September 12, 2014
Exothermic vs. Endothermic Change - Why Coaches Should Be A Match, Not The SunAn analogy I sometimes use to explain my approach to promoting positive change in software development organisations is the difference between exothermic and endothermic reactions.
If you think back to high school chemistry, an exothermic reaction is that generates heat from within. The combustion of fuels like petrol and wood is an example of an exothermic reaction. Sitting around a campfire on a cold night is one way in which we benefit from exothermic reactions.
Conversely, an endothermic reaction is one that draws energy (heat) in from its surroundings to make it go. For example, photosynthesis in plants is an endothermic reaction powered by the sun.
The key here to understanding the Codemanship way is to appreciate that if the sun stops shining then photosynthesis stops, too. Whereas a campfire may keep on burning until all the useful fuel - in the form of combustible carbohydrates - is used up. In the case of the campfire, the reaction is triggered by an outside force - e.g., a match - but once the fire's going it sustains itself from within. An endothermic reaction needs continued outside stimulation - a constant input of external energy - or it stops.
Projecting that idea - albeit spuriously - on to fostering change in dev teams, as an outside force I would rather be a match lighting a campfire than the sun driving chemical reactions in a plant. (The two are, of course, related. The energy we're burning on the campfire came from the sun via photosynthesis, but that's the problem with analogies.)
My approach is to turn up, inject a big dose of external energy into the system, and try to get a fire started. For that, we need the system to have its own fuel. This is the people, and their energy and enthusiasm for doing things better.
The conditions need to be right, or once I stop injecting energy, the reaction will stop, too. Many development teams are the equivalent of damp wood, their enthusiasm having been dampened by years of hard grind and demotivation. They need some preparing before we can light the fire.
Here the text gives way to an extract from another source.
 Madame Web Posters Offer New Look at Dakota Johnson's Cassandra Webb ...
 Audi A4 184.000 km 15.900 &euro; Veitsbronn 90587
The calories to burn, though, are always there. It's not easy becoming even a mediocre software developer. There would have been a time when anyone who does it for living was enthused and motivated to work through the pain and learn how to make programs work. That enthusiasm is rarely lost forever, even though it may often be buried deep beneath the battle-scarred surface.
So my focus tends to be on recapturing that joy of programming so that the latent energy and enthusiasm can be more easily ignited, starting a self-sustaining process of change that mostly comes from within the teams and doesn't have to be continually driven from outside.
This is why, putting specific practices and technical knowledge aside, Codemanship is chiefly about addressing developer culture. Workshops on TDD, refactoring, OO design and all manner of goodly Extreme stuff are really just hooks on which to hang that hat: an excuse to have conversations about what being a software developer means to you, about the developer culture in your organisation, and to do more than a little rabble rousing. That you leave having learned something about red-green-refactor is arguably less important than if you leave thinking "I'm as mad as hell, and I'm not going to take it any more!"
This is all because I believe that writing software can be, and for some people, is the best job in the world. Well, maybe not the best - but it's certainly got the potential to be a great way to make a living. I wake up every day thankful that I get to do this. It pains me to see developers who've had that beaten out of them by the school of hard knocks.
Real long-term change seems always to come from within. It has to be a self-sustaining process, driven almost unconsciously by teams who love what they do. Ultimately, it's something teams must do for themselves. All I can do is light the match.